Hunter Syndrome Treatment Market Size (2024 - 2029)

Hunter Syndrome Treatment Market Analysis

The hunter syndrome treatment market is expected to be valued at USD 1,265 million, at a CAGR of nearly 5.2%, during the forecast period.

The COVID-19 pandemic impacted the growth of the hunter syndrome market. For instance, according to a study published in BMC, in September 2021, lysosomal storage diseases (LSDs), including mucopolysaccharidosis II (MPS II, hunter syndrome), and others have shown that COVID-19 negatively impacted LSD patients' access to continuous care and therapy. The risk of getting COVID-19 was higher in patients with LSDs than in the general population. As per a study published in BMC, in October 2021, about 20% of patients receiving enzyme replacement therapy (ERT) in a hospital setting experienced treatment disruptions due to the COVID-19 pandemic. Thus, the delayed treatment services impacted the market's growth during the pandemic.

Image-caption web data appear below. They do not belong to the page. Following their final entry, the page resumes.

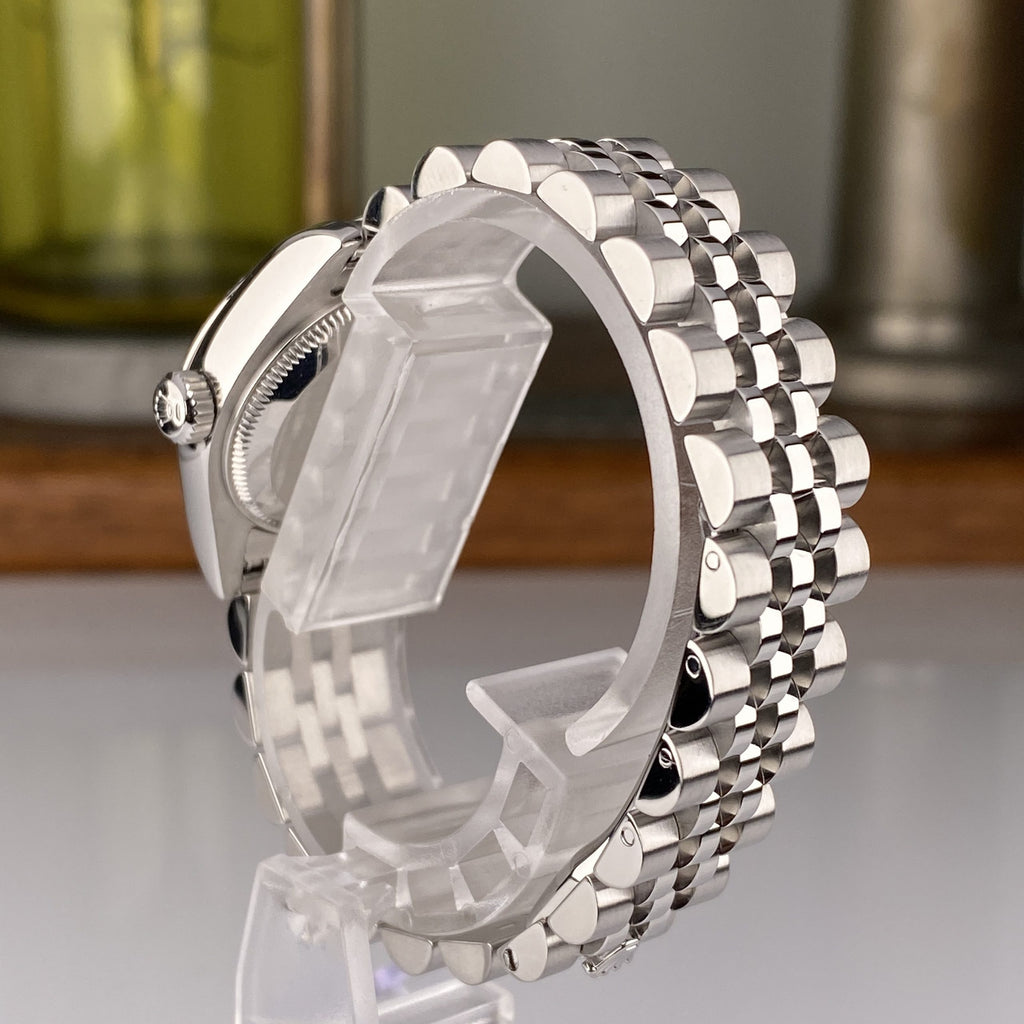 Rolex Lady-Datejust 179174 26mm Jubilee Bracelets Roman Dial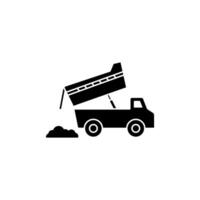 dumpsite concept line icon. Simple element illustration. dumpsite concept outline symbol design. vector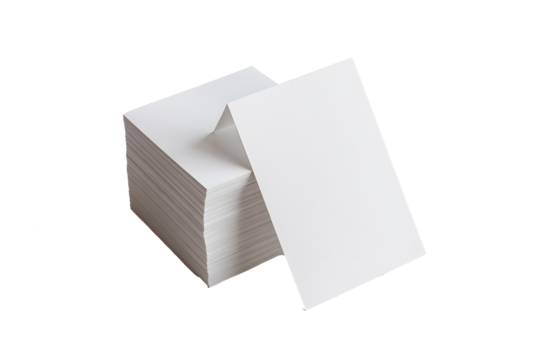 A 3D rendering of white envelope isolated on white background PNG used for office work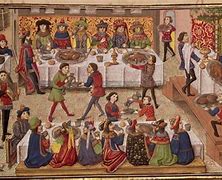 Image result for Medieval Ages Christmas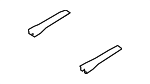 6135085Z00 - Body: Floor Support for Suzuki Image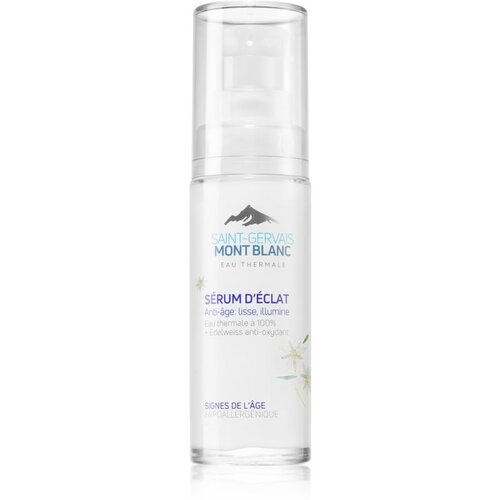 SAINT-GERVAIS MONT BLANC EAU THERMALE posvetlitveni serum proti gubam za obraz 30 ml Cene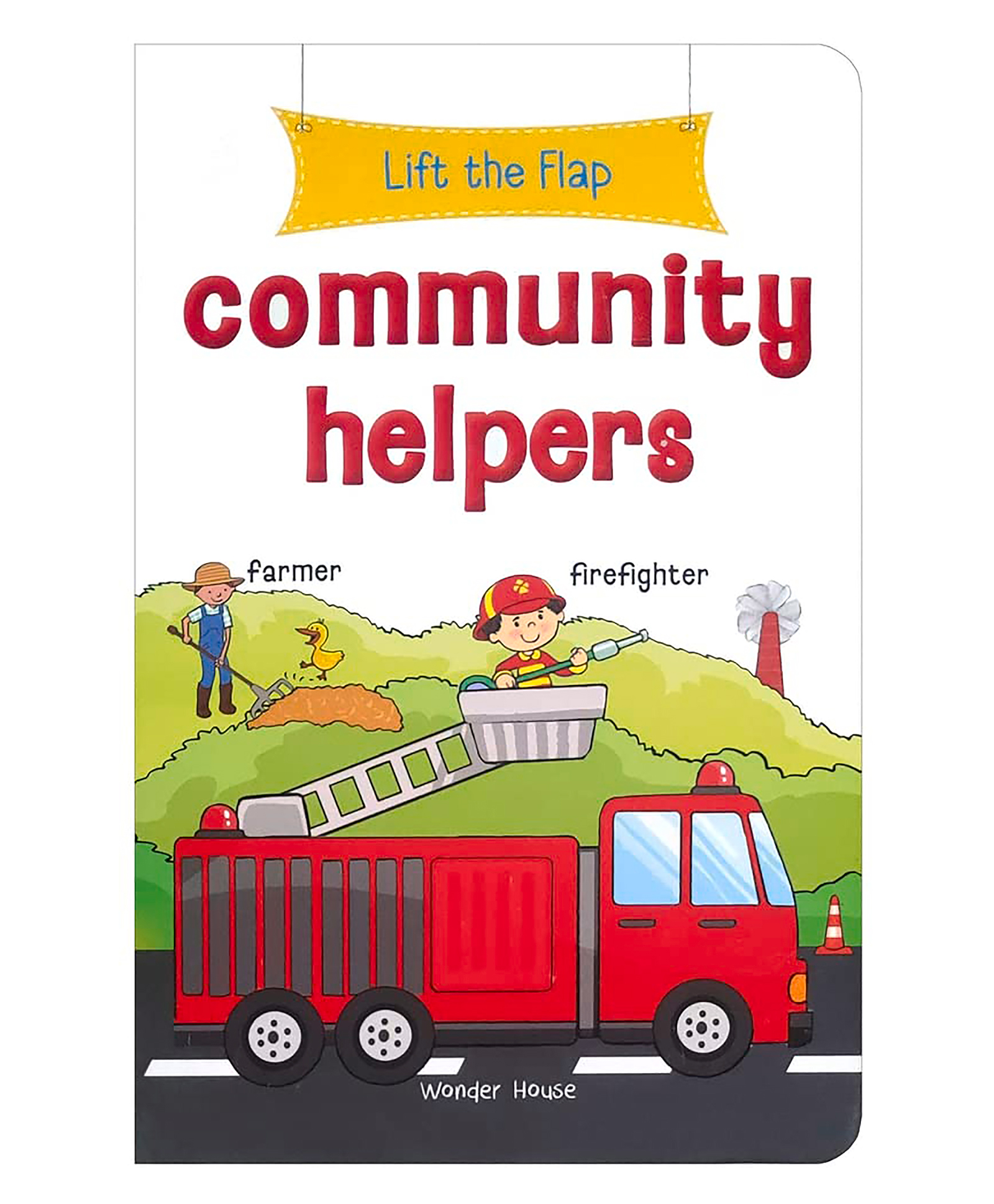 wonder house books Lift the Flap - Community Helpers-picture-8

However, the market started to recover in the later phases of the pandemic, which was reflected in the rising number of product developments and product approvals. For instance, in January 2021, GC Pharma received Japanese manufacturing and marketing approval for a Hunterase ICV (intracerebroventricular) injection of 15 mg as a treatment for mucopolysaccharidosis type II (hunter syndrome).

Certain factors that are attributing to the market's growth are increasing government initiatives, the introduction of novel therapies, and robust pipelines for treating hunter syndrome.

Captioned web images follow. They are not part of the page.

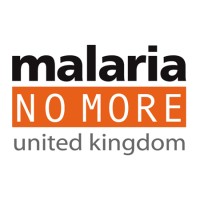 Malaria No More UK logo, Malaria No More UK contact details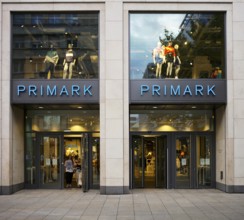 Primark, shop, Königsstraße, Stuttgart, Baden-Württemberg, Germany, Europe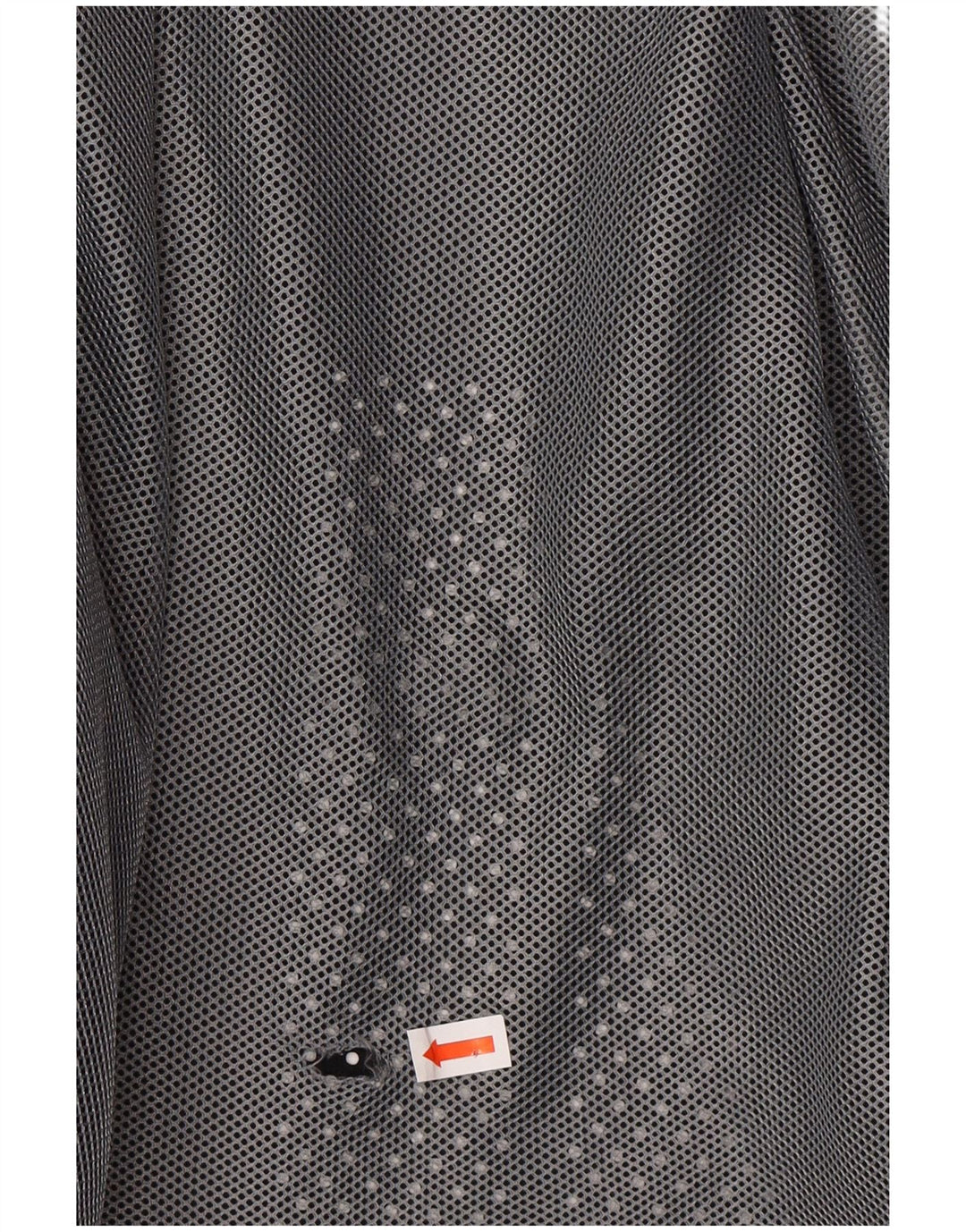 Giacca da uomo ADIDAS Climacool con cappuccio, giacca grande in poliestere nero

The rising burden of hunter diseases and the increasing patient population led to a rise in R&D and drug discovery, which is expected to increase the market's growth over the forecast period. For instance, in September 2021, Takeda Pharmaceuticals entered an exclusive collaboration and license agreement with JCR Pharmaceuticals to commercialize JR-141, an investigational next-generation recombinant fusion protein of an antibody against the human transferrin receptor and iduronate-2-sulfatase (IDS) enzyme for the treatment of Hunter syndrome. Under the terms of the agreement, Takeda commercialized JR-141 outside of the United States, including Canada, Europe, and other regions (excluding Japan and certain other Asia-Pacific countries). JCR received an upfront payment for such an ex-US license and is eligible to receive additional development and commercial milestones, as well as tiered royalties on potential sales. Such developments are expected to increase the availability of drugs and therapies in the market, thus boosting its growth over the forecast period.

The growing focus on conducting various R&D activities by companies to launch new products for treating hunter diseases is also contributing to the market's growth. For instance, in September 2022, ROBIO Inc. announced that the UK MHRA, Research Ethics Committee (REC), and Health Research Authority (HRA) approved AVROBIO's collaborators for the initiation of the Phase 1/2 clinical trial of investigational autologous hematopoietic stem cell (HSC) gene therapy in infants diagnosed with neuronopathic mucopolysaccharidosis/hunter disease.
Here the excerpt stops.